Summer 1972. The Phelon family has rented a cottage at the seaside. Everyone is looking forward to a lovely holiday full of sun, swimming and fishing, and nights of good food and friends – a veritable idyll. Thirteen-year-old Janey and her younger brother Jim splash about playfully in the sea. Meanwhile, their parents, Kate and Ed, are preparing for another dinner party. All the adults will amuse themselves with dancing and drinking into the night, and then sleeping late into the morning. Janey and Jim have seen it all before but this year things will be completely different. The maturing Janey becomes increasingly aware that her parents’ marriage is in shambles. Her bored mother feels the barrenness of her life; her father watches helplessly as she flirts with other men. The main object of her lecherous interest is a photographer named Cady. But Kate isn’t the only one Cady has enchanted: the Lolita-inspired Janey watches his every move. . . . Rain uniquely captures the ephemeral nature of the moment during a summer which ends with a teenage girl’s terrible realisation that her carefree life is capable of changing irreversibly in a single instant.

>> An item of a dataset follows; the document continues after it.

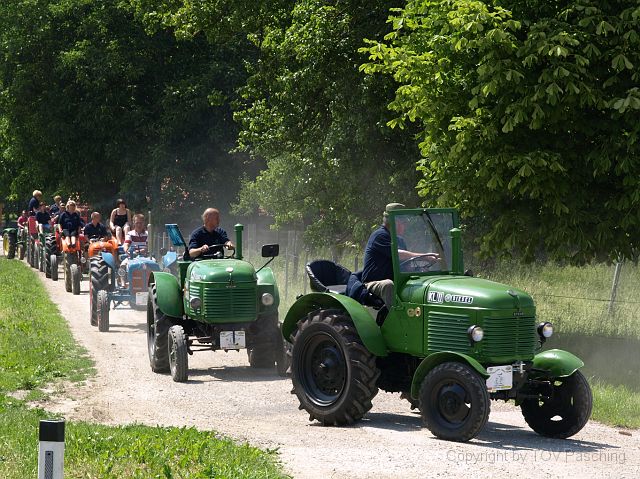Hirschvogel_62.JPG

92 min / Black & white, 35 mm
Director Christine Jeffs
/ Screenplay Christine Jeffs podle románu / based on the novel by Kirsty Gunn
/ Dir. of Photography John Toon
/ Music Neil Finn, Edmund McWilliams
/ Editor Paul Maxwell
/ Producer Philippa Cambell
/ Production Rose Road and Communicado
/ Cast Alicia Fulford-Wierzbicki, Sarah Peirse, Marton Csokas, Alistair Browning, Aaron Murphy
Christine Jeffs (b. 1963, Lower Hutt, New Zealand) graduated in sociology and geography from Massey University in 1983. Her film career began as an assistant editor, and she went on to study editing at the Australian Film, Television and Radio School. She then worked in Australia editing numerous films and commercials. After returning to New Zealand in 1994 she shot her first film, Stroke, a short based on her own script that was shown at Cannes and Sundance. Her own commercials have received many prestigious awards. Rain (2000) is her feature debut, and after its world premiere at Cannes it went on to be a favourite at many other festivals. Critics have often cited Rain as one of the best films ever to come out of New Zealand’s film Industry.